Predict a class using a threshold different than the 0.5 default with tidymodels

  1. Is there any way I can specify in {parsnip}/{yardstick} ({tidymodels} for short), in a standard two-class classification model flow, I want to predict a class using a threshold on score ("probability") different from the 0.5 default?

  2. Is there a way to incorporate this decision into the training flow? I.e. learn the best threshold from the the test ROC (the thresh that would maximize the AUC)

Note: I know how to do this manually, I'm asking about a parameter which allows this seamlessly in the flow

Example with simulated data:


n <- 10000
x1 <- runif(n)
x2 <- runif(n)
t <- 1 + 2 * x1 + 3 * x2
y <- rbinom(n, 1, 1 / (1 + exp(-t)))

my_data <- tibble(y = factor(y), x1 = x1, x2 = x2)

my_rec <- 
  recipe(y ~ ., data = my_data) %>%
  step_center(all_predictors()) %>%
  step_scale(all_predictors()) %>%
  prep(training = my_data)

glm_mod <- logistic_reg() %>%
  set_engine("glm") %>%
  fit(y ~ ., bake(my_rec, my_data))

glm_res <- predict(glm_mod, bake(my_rec, my_data), type = "prob") %>%
  bind_cols(predict(glm_mod, bake(my_rec, my_data), type = "class")) %>%
  bind_cols(y = my_data$y)

I'm guessing the simplest thing to my 1st question would be a parameter to predict when the type is "class", something like "threshold" or "cutoff" that would receive say 0.8 instead of 0.5. But this is needed also in {yardstick} with just about any two-class metric (spec, sens, precision). Anyway I haven't found one in the docs or in any demo. Is the current solution to go manual with the predicted scores?

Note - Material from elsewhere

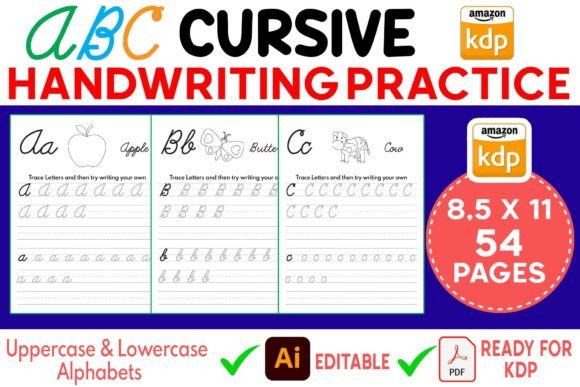 Download ABC Cursive Handwriting Practice for Kdp - Handwriting Collection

About the 2nd question I have no idea...

This is planned for the next major version of workflows; you'll be able to specify a specific threshold that will just work or to say that you want to tune it.

The bad news is that we are spending 1-2 months on documentation currently.


This topic was automatically closed 7 days after the last reply. New replies are no longer allowed.

Documentation is important, thanks Max!